▶ **Exercise prompt**
Copy, exactly as written, the lines that begin at the one containing "La nueva derecha" and end at the one containing "OF THE DOOR". Skip any pictures in the data below.

▶ **Records for the task**
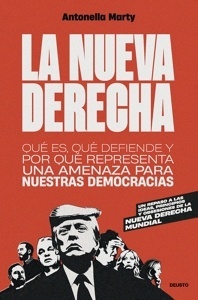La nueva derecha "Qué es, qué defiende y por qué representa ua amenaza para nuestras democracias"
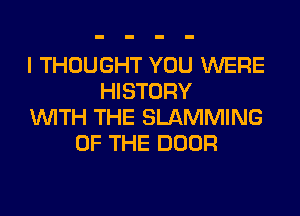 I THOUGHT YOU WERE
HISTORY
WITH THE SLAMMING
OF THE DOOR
--
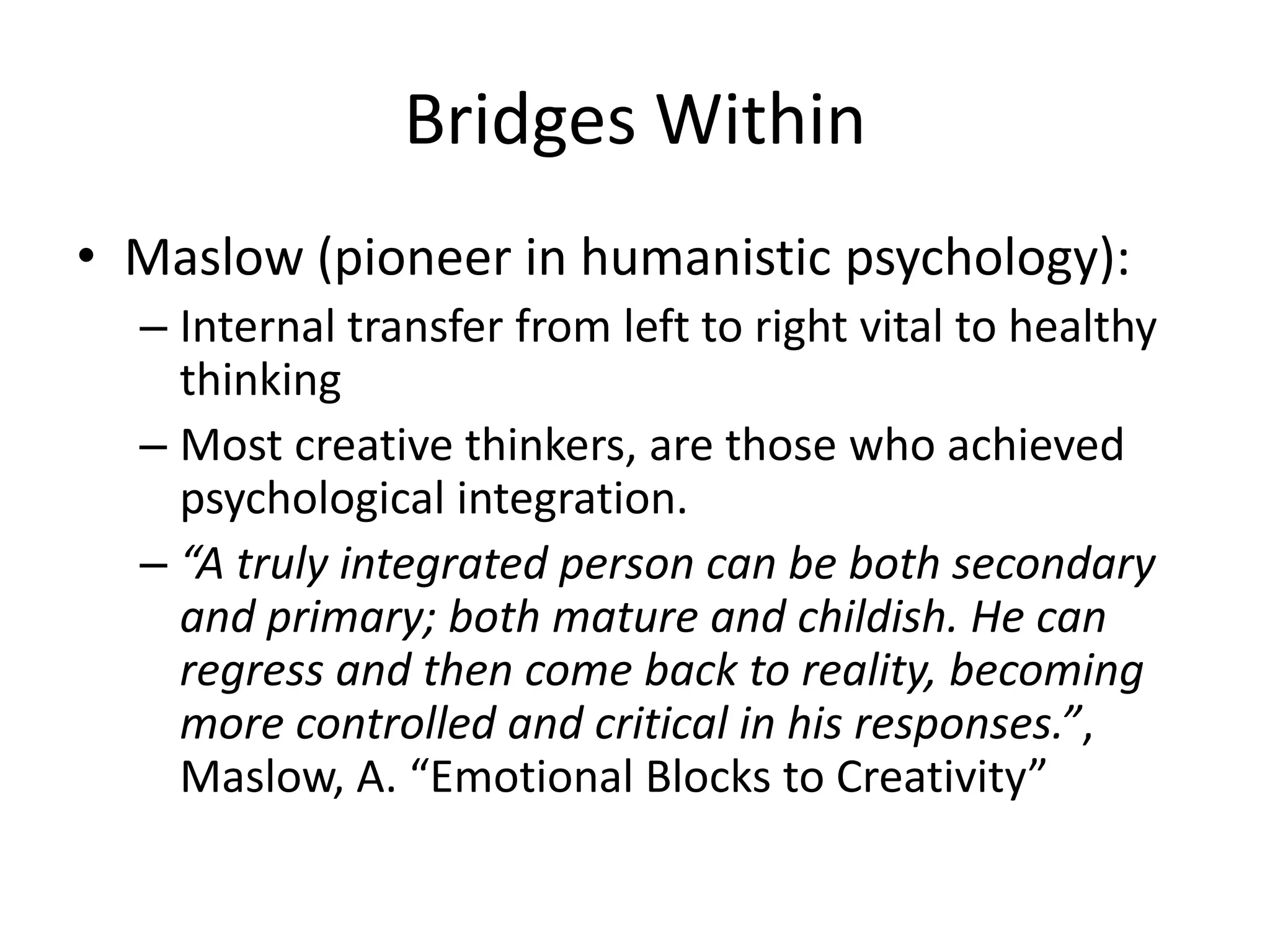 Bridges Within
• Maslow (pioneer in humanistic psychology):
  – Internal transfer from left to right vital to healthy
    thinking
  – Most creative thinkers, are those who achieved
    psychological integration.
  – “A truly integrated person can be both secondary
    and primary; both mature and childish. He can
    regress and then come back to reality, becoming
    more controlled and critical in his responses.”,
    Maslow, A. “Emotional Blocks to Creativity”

▶ **Solution to this task**
La nueva derecha "Qué es, qué defiende y por qué representa ua amenaza para nuestras democracias"
 I THOUGHT YOU WERE
HISTORY
WITH THE SLAMMING
OF THE DOOR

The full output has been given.